Il faut également rappeler que c’est Dante Giacosa qui l’a designé et conçu, à l’image de Sir Alec Isigonis pour l’Austin Mini (Toutes deux répondaient à la même problématique autour de la micromobilité à l’instar de la BMW Isetta présentée le mois dernier, ndlr). Ces deux personnages se considéraient comme des fans absolus de la micro-citadine à traction avant. Dès les années 1940, ils avaient déjà pensé à cette forme de mobilité. D’un côté, l’Autin Mini qui fut une véritable révolution à sa sortie, en 1959. De l’autre, Fiat qui venait de commercialiser la Fiat 500 et la Fiat 600 avec une conception plus ancienne. Giacosa a constaté que son confrère anglais avait réalisé le modèle qu’il avait rêvé. Pour réaliser son rêve, il est arrivé à convaincre le Groupe Fiat, ce qui donna naissance à la marque indépendante Autobianchi. Ils produisirent des modèles distinctifs de la Fiat 500 avec le logo Autobianchi. L’Autobianchi Primula fut la toute première à inaugurer la marque. Mais on peut aller plus loin, en concevant une voiture encore plus courte et c’est ainsi qu’est née l’Autobianchi A112 qui fait moins de 3.30m de long.

Pourquoi Fiat, qui était déjà une marque très importante en Italie, s’est-elle lancée dans cette aventure ?
L’idée de Fiat, à la base, était de rendre la marque Autobianchi “premium” du groupe. Je vais faire une comparaison très osée, mais on peut comparer Autobianchi pour Fiat avec DS pour Citroën. Il s’agit pour la marque de faire du “chic” avec le groupe Fiat.

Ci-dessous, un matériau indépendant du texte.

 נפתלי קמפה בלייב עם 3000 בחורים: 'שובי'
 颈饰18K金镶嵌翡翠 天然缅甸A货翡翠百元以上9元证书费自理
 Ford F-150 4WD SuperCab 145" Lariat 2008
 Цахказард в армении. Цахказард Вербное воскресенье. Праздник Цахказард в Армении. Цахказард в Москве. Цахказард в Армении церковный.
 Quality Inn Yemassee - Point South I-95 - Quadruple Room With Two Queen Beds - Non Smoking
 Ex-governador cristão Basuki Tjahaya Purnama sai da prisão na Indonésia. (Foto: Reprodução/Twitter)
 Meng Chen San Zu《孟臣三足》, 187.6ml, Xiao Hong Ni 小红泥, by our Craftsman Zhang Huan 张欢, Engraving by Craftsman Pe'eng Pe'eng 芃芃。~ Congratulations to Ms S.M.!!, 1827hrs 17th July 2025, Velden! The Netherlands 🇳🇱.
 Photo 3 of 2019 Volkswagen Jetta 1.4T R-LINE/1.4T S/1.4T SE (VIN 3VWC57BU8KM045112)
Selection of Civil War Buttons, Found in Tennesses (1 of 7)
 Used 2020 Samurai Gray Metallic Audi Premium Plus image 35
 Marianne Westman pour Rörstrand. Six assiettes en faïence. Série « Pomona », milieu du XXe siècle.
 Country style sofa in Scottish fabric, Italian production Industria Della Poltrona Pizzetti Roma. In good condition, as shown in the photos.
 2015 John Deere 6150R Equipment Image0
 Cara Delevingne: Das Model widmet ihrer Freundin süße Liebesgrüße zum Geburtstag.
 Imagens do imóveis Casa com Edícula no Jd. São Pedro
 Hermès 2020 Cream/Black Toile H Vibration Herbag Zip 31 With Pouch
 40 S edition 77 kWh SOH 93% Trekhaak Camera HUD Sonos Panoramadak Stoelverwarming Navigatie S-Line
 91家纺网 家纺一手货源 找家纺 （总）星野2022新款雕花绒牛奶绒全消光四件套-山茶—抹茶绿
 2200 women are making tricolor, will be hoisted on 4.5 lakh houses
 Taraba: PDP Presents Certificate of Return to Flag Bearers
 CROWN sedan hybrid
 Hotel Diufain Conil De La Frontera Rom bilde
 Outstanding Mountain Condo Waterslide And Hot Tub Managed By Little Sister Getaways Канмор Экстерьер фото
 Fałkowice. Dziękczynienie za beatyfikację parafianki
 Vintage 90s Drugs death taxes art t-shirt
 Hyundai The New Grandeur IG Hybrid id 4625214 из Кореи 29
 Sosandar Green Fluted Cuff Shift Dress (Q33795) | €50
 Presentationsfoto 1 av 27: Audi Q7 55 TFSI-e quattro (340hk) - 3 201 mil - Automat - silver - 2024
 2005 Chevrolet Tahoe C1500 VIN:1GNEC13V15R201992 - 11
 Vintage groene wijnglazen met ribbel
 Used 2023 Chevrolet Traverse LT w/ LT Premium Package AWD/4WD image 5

Du côté de la concurrence, outre l’Austin Mini, quels étaient les modèles les plus représentatifs ?
Je dirais bien évidemment l’Austin Mini, mais la gamme Fiat -propriétaire d’Autobianchi – disposait de la Fiat 850. On distingue aussi, côté français, Peugeot avec la Peugeot 104, dès 1972. Beaucoup de petites voitures – qui sont classées parmi les “micro-citadines – se situaient dans ce créneau, mais, l’Autobianchi A112 avait une face avant attractive. Il s’agit d’un véhicule compact, efficace, court et qui présente deux avantages qui ont fait la différence avec les autres. Le premier concerne le hayon avec la banquette rabattable qui permettait de transporter des objets et petits meubles assez facilement. Le second concerne son gabarit qui fait de ce véhicule une véritable petite voiture. On retrouve des composants de la Fiat 850 comme le moteur – un 4 cylindres de 903cm3 – ou encore les sous-bassements. Les freins sont à tambours à l’arrière et à disques à l’avant, auquel on ajoute un poids plume avec “seulement” 640kg sur la balance.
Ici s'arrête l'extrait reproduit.